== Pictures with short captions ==
* * * * * * * * *

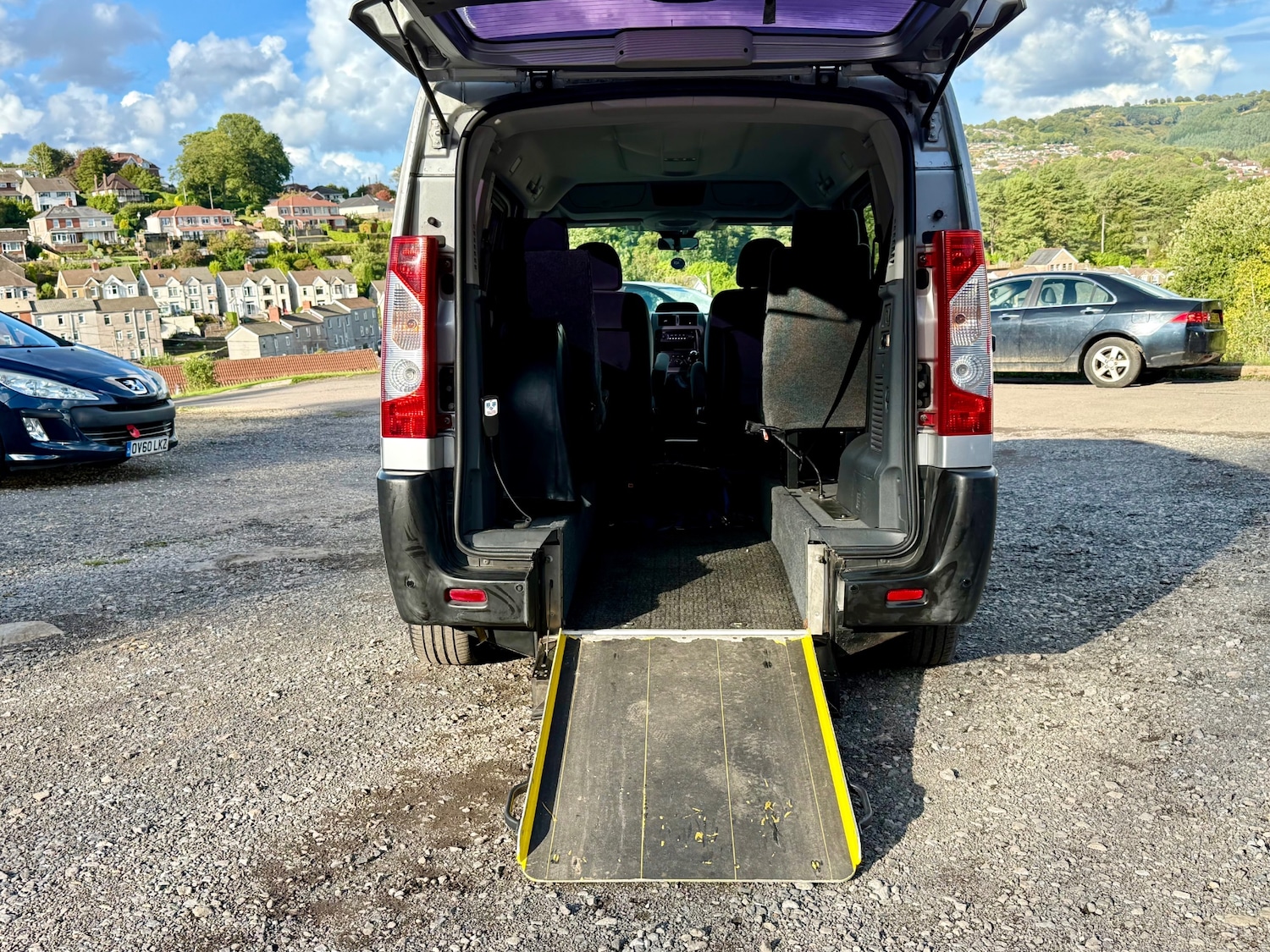 Vehicle 22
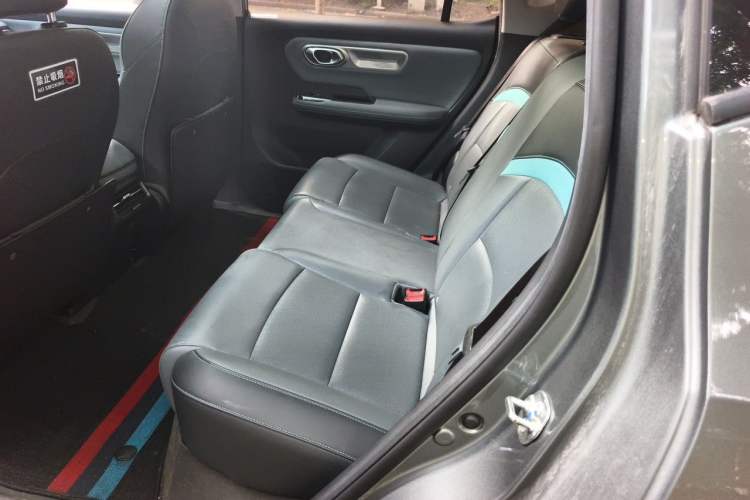 Used AION Y 2022 Plus 70 Smart Edition Left Rear Seat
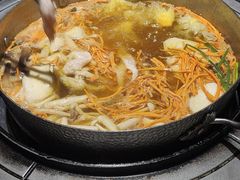 -芭夯兔·兔肉汤锅(新都店)
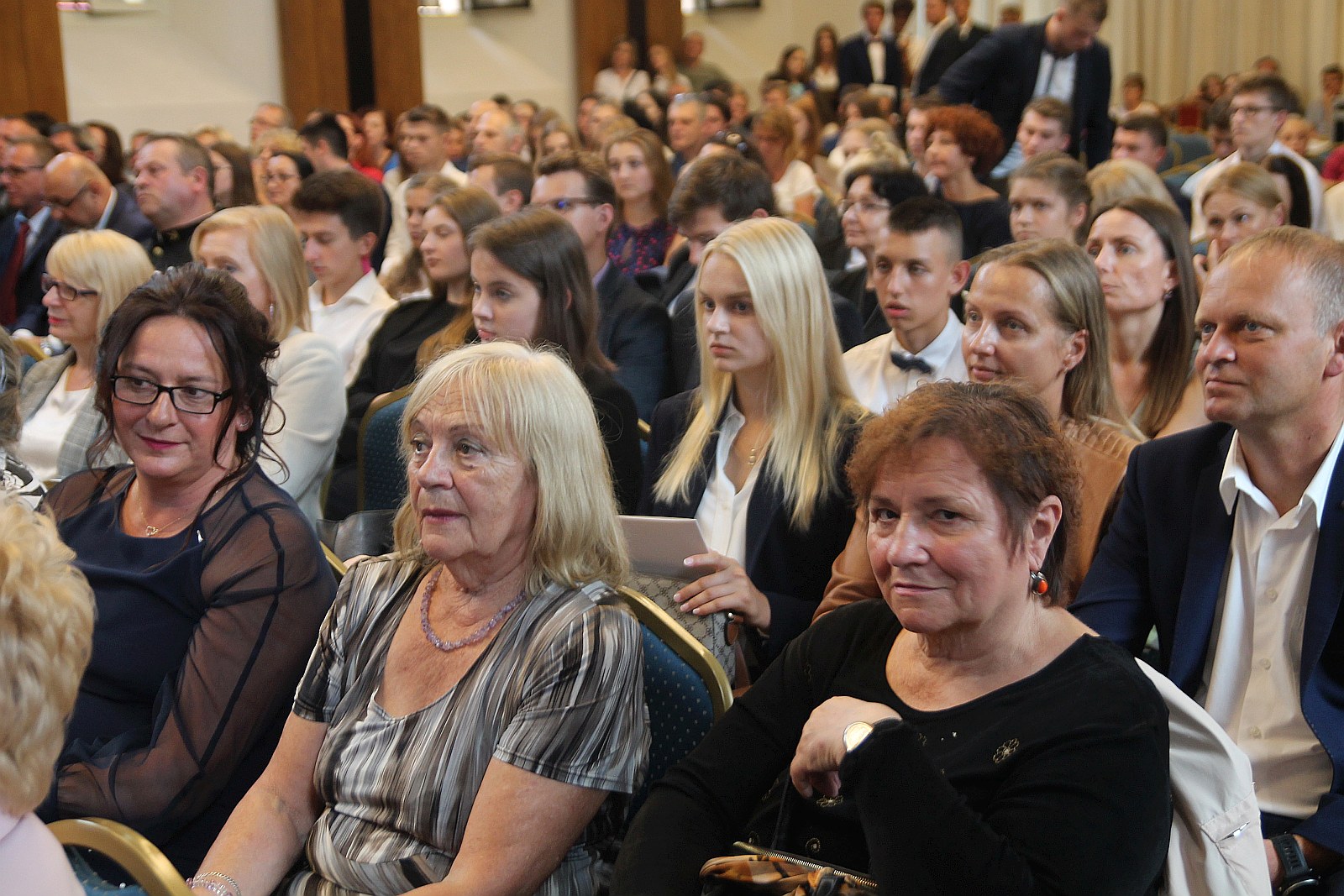 W Sali Maneżowej odbyła się miejska inauguracja roku szkolnego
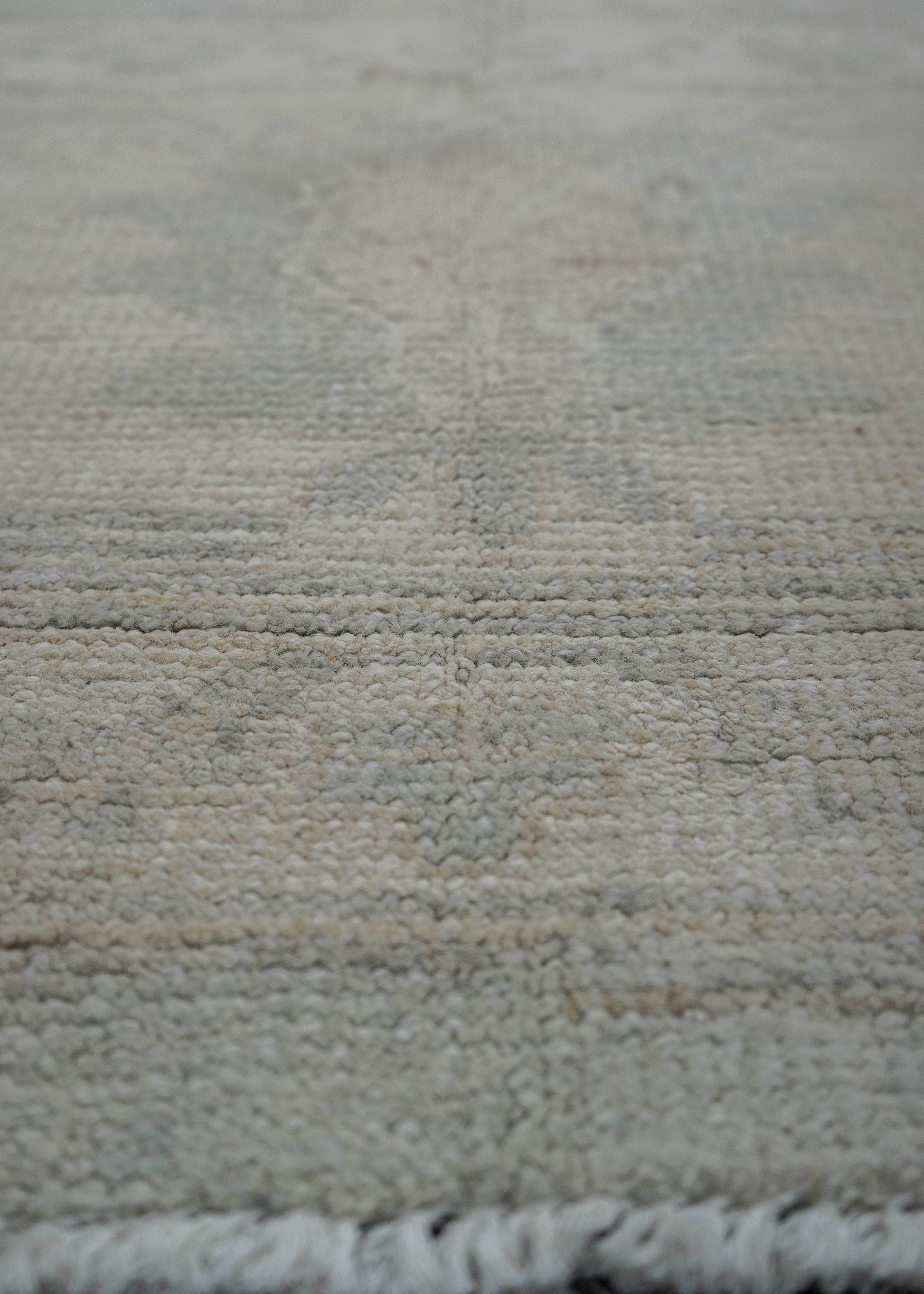 Oushak Rug 9'11" x 13'9" #23511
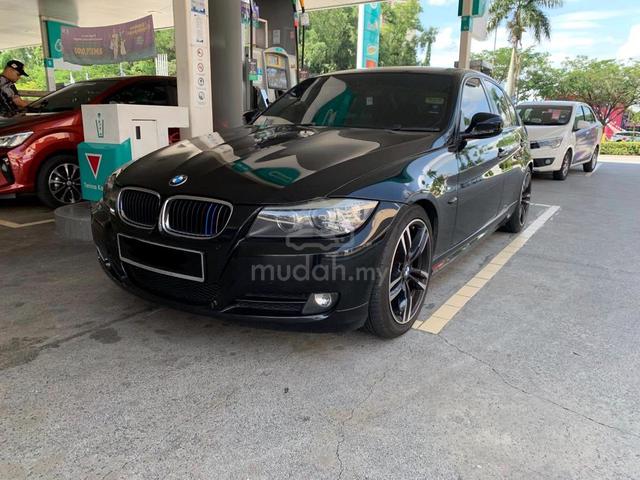 2009 Bmw 3 SERIES 2.0 20I (CKD) E90 FACELIFT (A) - 1
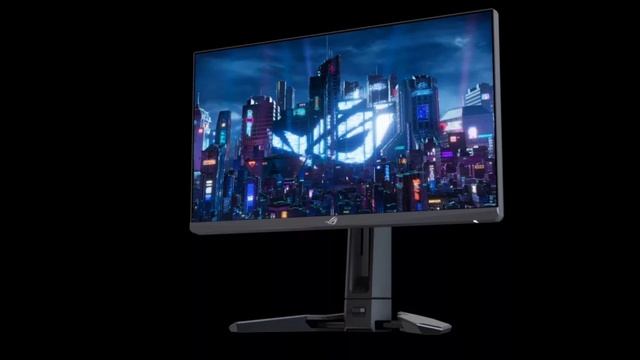 Asus ROG PG248QP 540Hz gaming monitor could launch this month смотреть онлайн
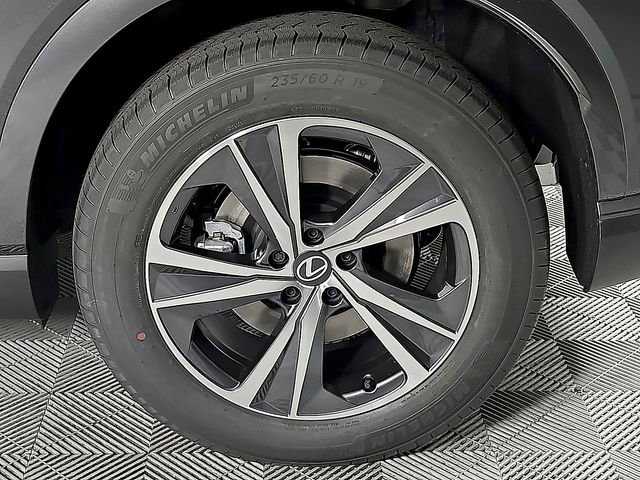 New 2026 Lexus RX 350h image 6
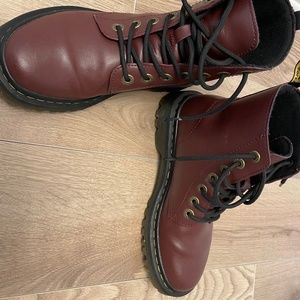 Dr. Martens boots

* * * * * * * * *

Copy the records above from the first line through the line containing "2009 Bmw 3 SERIES", both included, and leave out any pictures.

== ANSWER FOR THE TASK ==
 Vehicle 22
 Used AION Y 2022 Plus 70 Smart Edition Left Rear Seat
 -芭夯兔·兔肉汤锅(新都店)
 W Sali Maneżowej odbyła się miejska inauguracja roku szkolnego
 Oushak Rug 9'11" x 13'9" #23511
 2009 Bmw 3 SERIES 2.0 20I (CKD) E90 FACELIFT (A) - 1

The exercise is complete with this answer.